As other advanced economies move to price carbon and scale back subsidies for the most inefficient fossil fuels, Canada’s economy continues to be skewed towards high-carbon, high-risk industries. On Monday, G7 leaders (the United States, Canada, France, Germany, Italy, Japan, and the United Kingdom) wrapped up their annual meeting by announcing the goal of making deep emissions cuts by 2050 and shifting to a no-carbon global economy by the end of the century.

The statement could be dismissed as another political puff-piece, except that a number of G7 member states are driving a shift towards the goal of more efficient energy systems. France recently announced new laws that will require the country’s largest asset owners to report on the carbon intensity of their portfolios, and Germany and the United States are leading the world in the development of renewable energy and cleantech.

Beyond the G7, China is taking steps to reduce the carbon intensity of its economy, as well as positioning its industrial policy to ensure that Chinese companies will supply the renewable energy technology and hardware required for a global energy transition.

In addition to taking advantage of economic opportunities associated with the transition to low carbon, Germany, France and the US are explicitly linking climate change to global security. Alongside the US Department of Defence, the European Union Institute for Security Studies considers “climate change as the ultimate threat multiplier: it will aggravate already fragile situations and may contribute to social upheaval and even violent conflict.”
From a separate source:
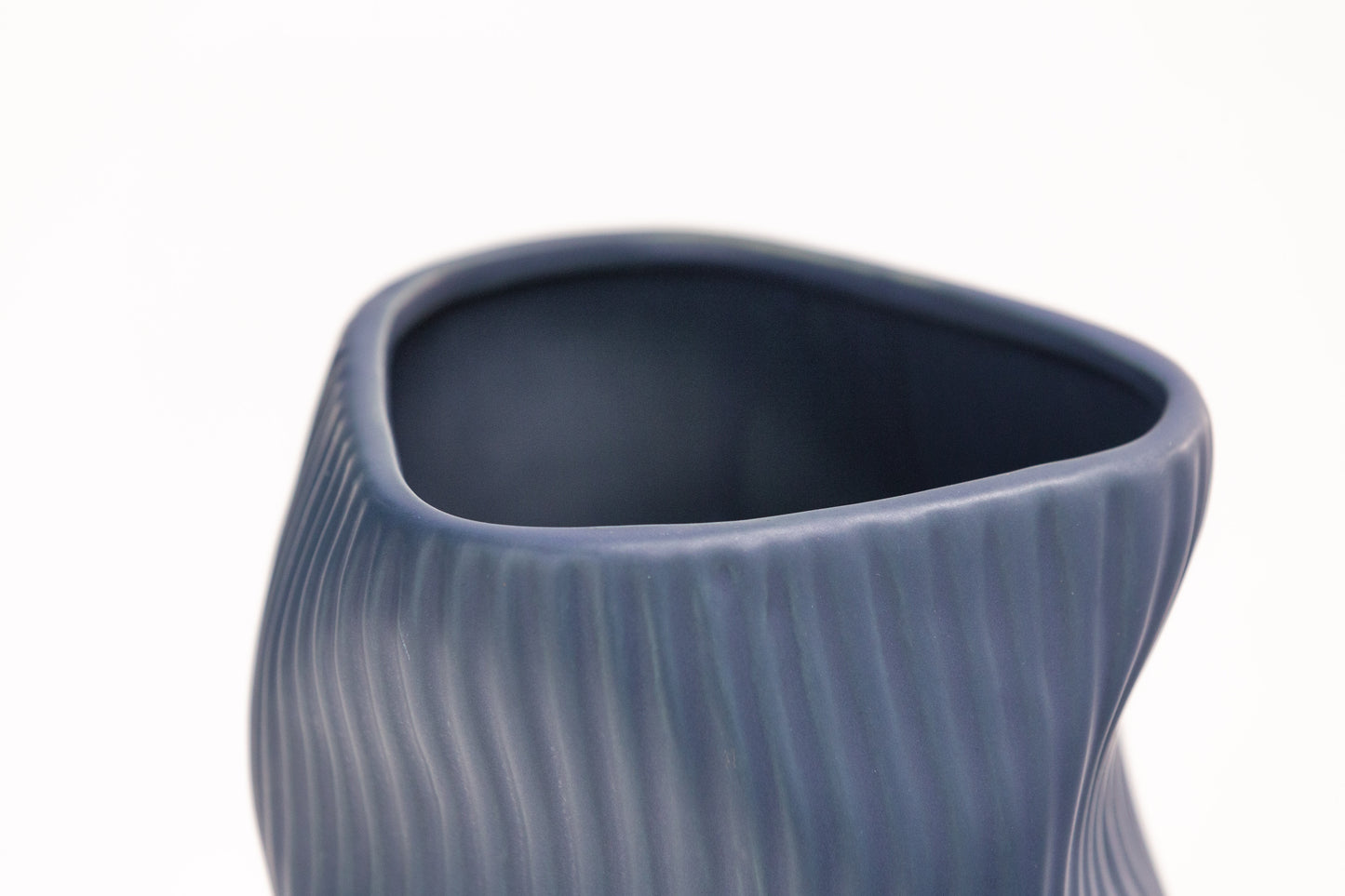 THE WAVY VASE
Amidst the convergence of economic and security concerns linked with climate change, Canada remains silent. As the world changes around us, and our G7 peers adapt to a new climate reality, Canadian investors will have to respond, whether or not the government chooses to act.

However the G7’s announced fossil fuel phase-out transpires, it is clearly going to disrupt established patterns of investment in fossil fuels and other energy classes, to the detriment of many investors. In the words of Bloomberg writer Barry Ritholtz, "This is a question of industry market share, corporate profits and investment performance - not science. In the real world, climate-change deniers are and will be giant money losers.”

It is time for Canadian investors to start hedging against the end of the fossil fuel era.

As indicated in this year’s Global Climate 500 Index, only a handful of the world’s largest 500 institutional investors are aware of the carbon intensity of their investment portfolios. Twenty-one of the 32 largest Canadian institutional investors appearing in the survey received either a D or an X rating, including the Alberta Heritage Savings Trust Fund and the Ontario Public Service Pension Plan. This indicates that Canadian pension funds and other large investors are not ready for the massive shift in the global energy system that is happening.

As global governments move ahead with the transition to low carbon, it is time for Canada’s largest investors - our pension funds - to start showing leadership on managing the risks and opportunities associated with the structural changes that are already underway.

In the words of Aldous Huxley, “facts do not cease to exist because they are ignored,” and it is high time that investors stopped ignoring climate change, and acted on the financial and political realities facing high-carbon industries.